(Items from a dataset)
━━━━━━━━━━━━━━━━━━━━━━━━━━━━━━

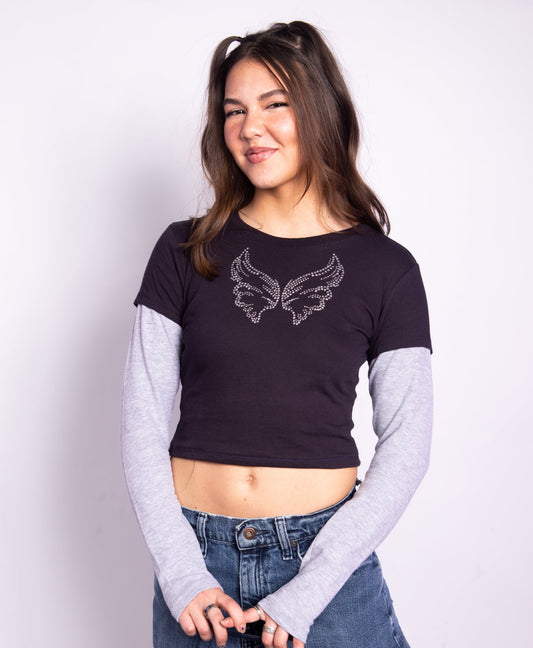 angel wings layered long sleeve - S, M, L, XL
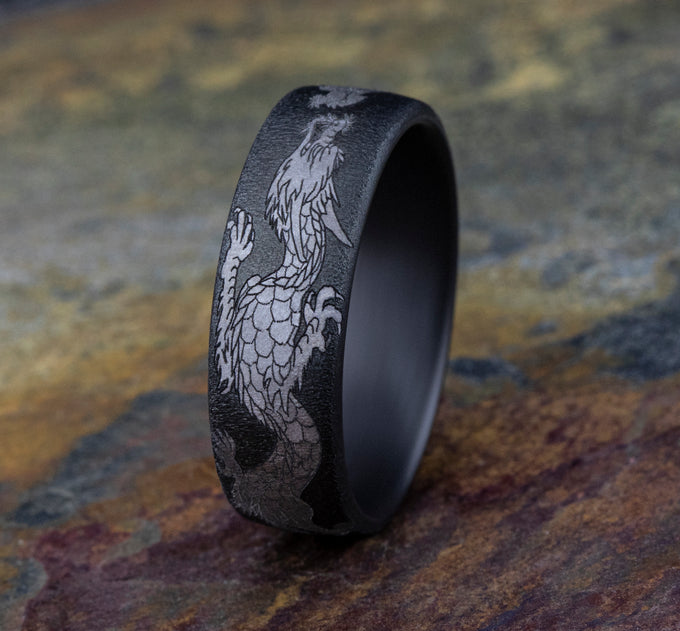 Tantalum Dragon Band (7.5mm European Fit)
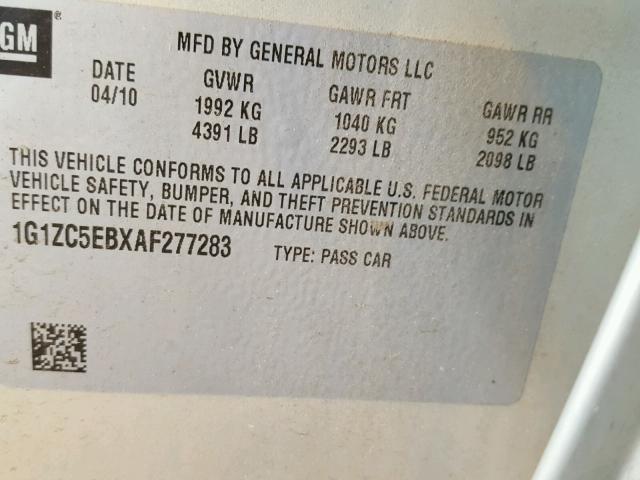 1G1ZC5EBXAF277283 - 2010 CHEVROLET MALIBU 1LT 金色 照片 10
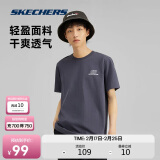 斯凯奇（Skechers）夏季男女情侣同款缤纷休闲系列透气半袖针织短袖T恤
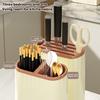 U-Shaped Kitchen Rack PP Cutting Board & Utensil Holder with Drainage Tray Compact Countertop Storage Organizer for Cutters Chopsticks Spices
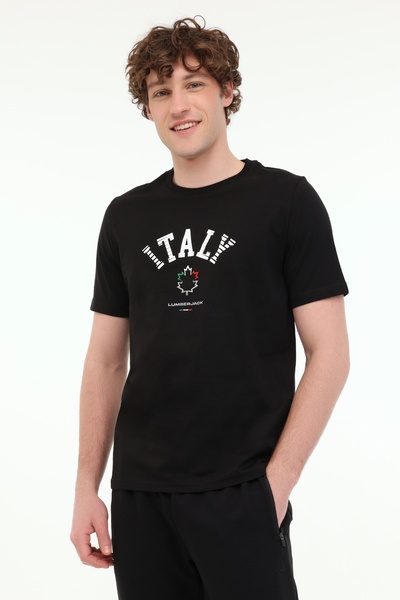 lumberjack ml Renato 11ıtl1030 5fx Μαύρο ανδρικό κοντομάνικο μπλουζάκι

━━━━━━━━━━━━━━━━━━━━━━━━━━━━━━

> _THE PROBLEM_
Leave out the pictures and give the rest of the records again exactly.

> _YOUR SOLUTION_
 angel wings layered long sleeve - S, M, L, XL
 Tantalum Dragon Band (7.5mm European Fit)
 1G1ZC5EBXAF277283 - 2010 CHEVROLET MALIBU 1LT 金色 照片 10
 斯凯奇（Skechers）夏季男女情侣同款缤纷休闲系列透气半袖针织短袖T恤
 U-Shaped Kitchen Rack PP Cutting Board & Utensil Holder with Drainage Tray Compact Countertop Storage Organizer for Cutters Chopsticks Spices
 lumberjack ml Renato 11ıtl1030 5fx Μαύρο ανδρικό κοντομάνικο μπλουζάκι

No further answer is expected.